Faltaba todavía un mes para el 24M, pero Rajoy no tenía dudas sobre los
resultados en la Región. «Vamos a ganar en Murcia», me dijo en un
encuentro en La Moncloa con un grupo de periodistas. Le respondí que
habíamos publicado un ‘tracking’ electoral que dejaba a su partido en la
Región a tres escaños de la mayoría absoluta. «Lo he visto, sí», añadió
el presidente del Gobierno, como quitando hierro a los sondeos y
convencido de que el candidato Pedro Antonio Sánchez («cuando estuve en
Murcia hizo un buen discurso») podría conseguir la mayoría absoluta,
aunque fuera de manera ajustada.
Ningún analista, ningún partido
político, dudaba entonces de que el PP sería el partido más votado en la
Región. La incógnita era el tamaño del descalabro. Si tendría margen
suficiente como para gobernar sin necesidad de pactar con otras fuerzas.
Finalmente los resultados fueron mejores que las encuestas, pero, con
una pérdida importante de votos, se quedaron a un escaño de los 23. Hoy
el PP no tiene asegurado el Gobierno. Necesita el apoyo o la abstención
de Ciudadanos en el Pleno de investidura. Y no lo tendrá fácil. Las
negociaciones serán complejas y, de fracasar, pueden desembocar en un
Ejecutivo de diferente orientación.
A la vista del análisis que ayer se hizo en la Junta Directiva del PP no todos parecen haber asimilado el mensaje de las urnas.
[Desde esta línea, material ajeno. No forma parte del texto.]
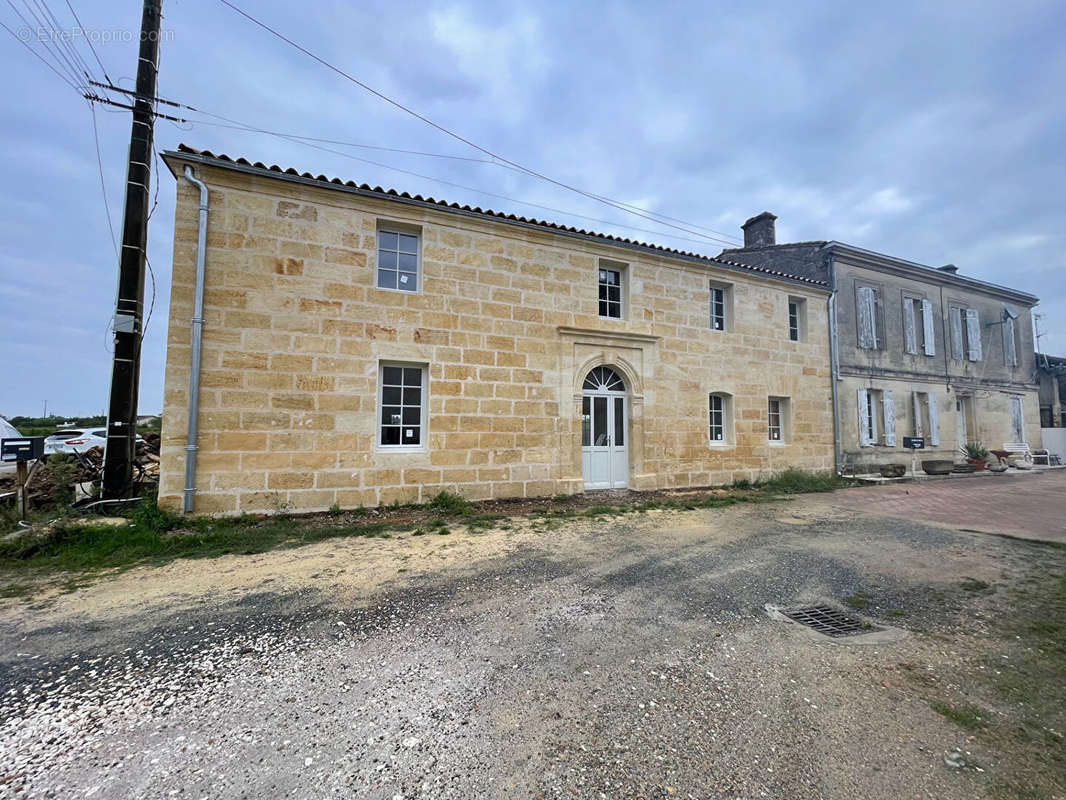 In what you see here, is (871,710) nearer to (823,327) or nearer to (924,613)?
(924,613)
Serán los árboles, que les impiden ver el bosque. Los populares no alcanzaron la mayoría absoluta sencillamente porque ese fue el deseo mayoritario de los murcianos después de veinte años. Como en el resto del país, la política regional se había despegado de la calle y de los intereses de una ciudadanía castigada por la crisis, con la particularidad de que aquí la resistencia a atajar los presuntos casos de corrupción con medidas contundentes de regeneración democrática era todavía mayor. Dos décadas de monólogo político habían hecho innecesaria la búsqueda de consensos y acentuaron los ‘tics’ autoritarios y prepotentes.
El PP ha
sido víctima del ‘principio de Berkeley’: eres lo que pareces. Demasiada
arrogancia y falta de autocrática han convertido a los populares, pese a
sus indudables fortalezas, en un partido antipático y rancio del que
recelan los jóvenes y las clases medias urbanas bien informadas. Si la
sociedad evoluciona a gran velocidad, pero la principal fuerza política
se mantiene anquilosada en sus mensajes, líderazgos y comportamientos,
la asincronía solo puede conducir a un lento crepúsculo. Los partidos
son organismos vivos y sobre ellos también actúa la selección natural.
Cuanto peor se adaptan a los cambios del entorno más vulnerables son.
Difícil lo va a tener el PP si, con la transformación social que
vivimos, quienes retienen el poder de decisión y de cambio siguen siendo
los mismos que hace veinte años, solo que más viejos, miopes y sordos.
Un auténtico Parque Jurásico político que se resiste a ceder las
riendas, sin asumir que ya no encaja en el signo de los tiempos. Hasta
el propio Rajoy, con su conocida aversión a los cambios, ha terminado
por asumirlo, forzado por el diagnóstico clamoroso de sus barones más
cualificados. Si todo se transforma deprisa, el PP debería renovarse
también. Y sin tiempo que perder.
El nuevo escenario, con cuatro fuerzas en la Asamblea, no debería verse como un problema para el progreso social y económico de la Región, sino como una oportunidad que puede ser aprovechada para pensar mejor hacia dónde y cómo caminar. Mayor debate político, búsqueda de consenso y control al Gobierno, sea cual sea, puede ralentizar la accción del Ejecutivo, pero sin duda revitalizará las instituciones y supondrá un impulso democrático. Si todos actúan con responsabilidad, el desafecto ciudadano hacia la política comenzará, por fin, a cicatrizar.